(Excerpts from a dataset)
================================
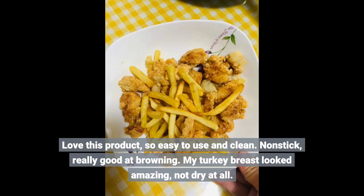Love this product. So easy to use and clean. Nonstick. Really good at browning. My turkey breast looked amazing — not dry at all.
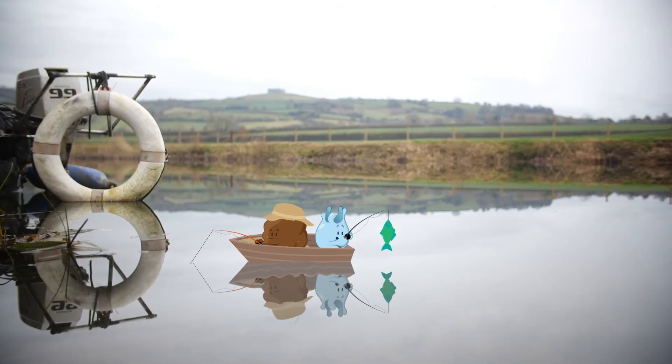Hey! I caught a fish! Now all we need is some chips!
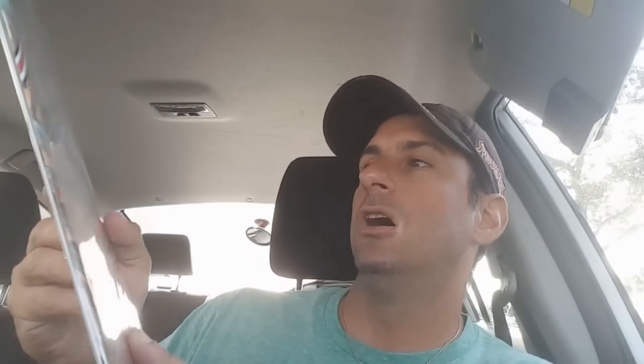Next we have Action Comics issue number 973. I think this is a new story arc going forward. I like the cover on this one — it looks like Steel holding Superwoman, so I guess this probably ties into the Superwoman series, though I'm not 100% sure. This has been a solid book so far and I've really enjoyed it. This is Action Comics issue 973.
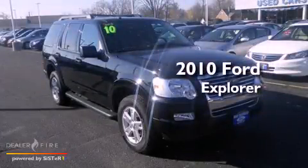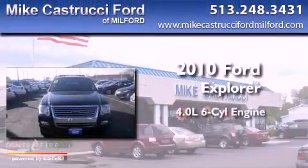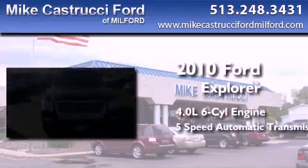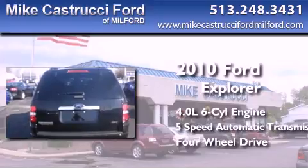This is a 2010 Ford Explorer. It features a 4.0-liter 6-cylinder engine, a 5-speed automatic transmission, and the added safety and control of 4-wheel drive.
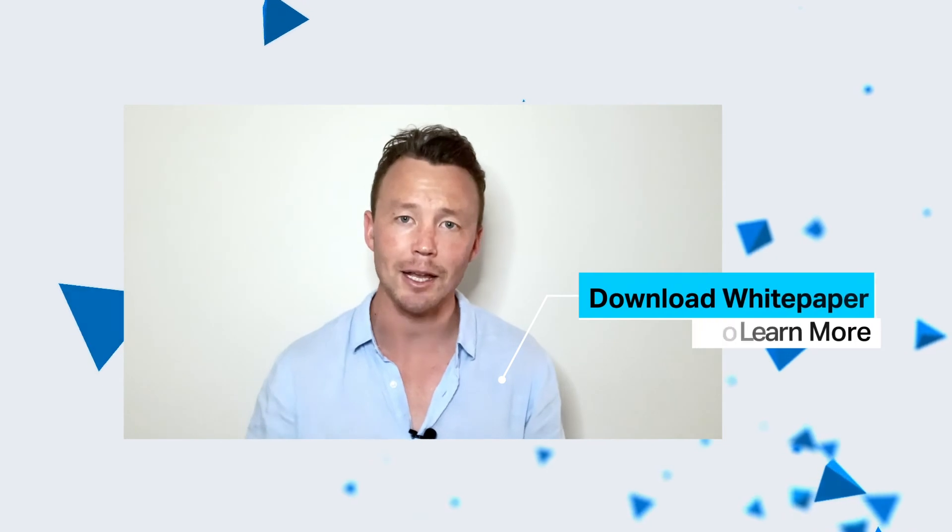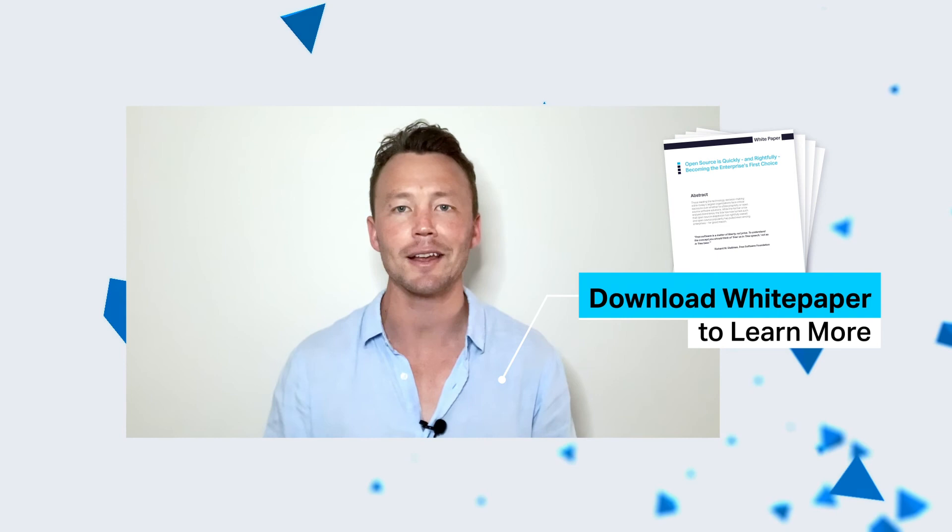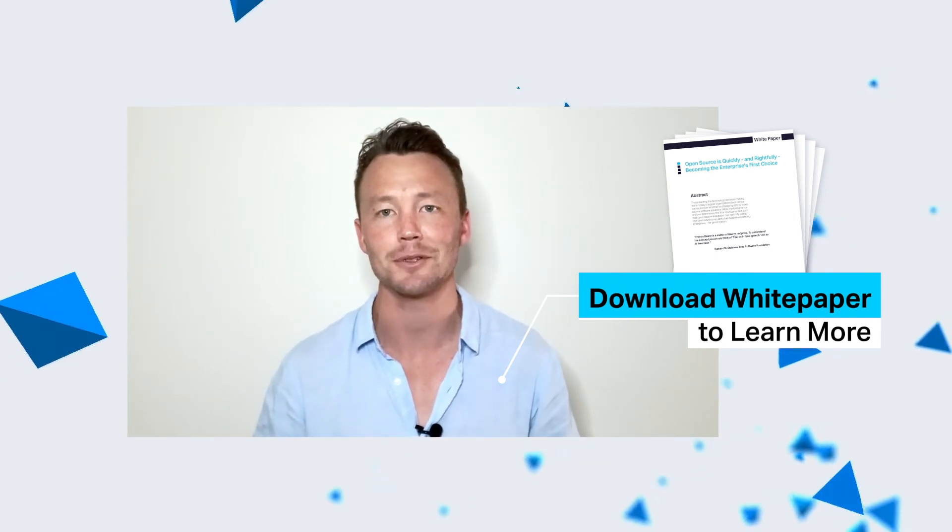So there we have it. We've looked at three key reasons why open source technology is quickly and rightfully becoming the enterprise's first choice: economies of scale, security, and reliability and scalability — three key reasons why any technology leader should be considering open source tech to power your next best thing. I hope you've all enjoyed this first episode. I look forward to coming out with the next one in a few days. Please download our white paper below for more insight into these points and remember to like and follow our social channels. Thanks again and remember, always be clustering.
================================
▶ YOUR OBJECTIVE
The answer must be the lines above, word for word, from the first one through the line with "Next we have", pictures excluded.

▶ RESULT OF THE EXERCISE
Love this product. So easy to use and clean. Nonstick. Really good at browning. My turkey breast looked amazing — not dry at all.
Hey! I caught a fish! Now all we need is some chips!
Next we have Action Comics issue number 973. I think this is a new story arc going forward. I like the cover on this one — it looks like Steel holding Superwoman, so I guess this probably ties into the Superwoman series, though I'm not 100% sure. This has been a solid book so far and I've really enjoyed it. This is Action Comics issue 973.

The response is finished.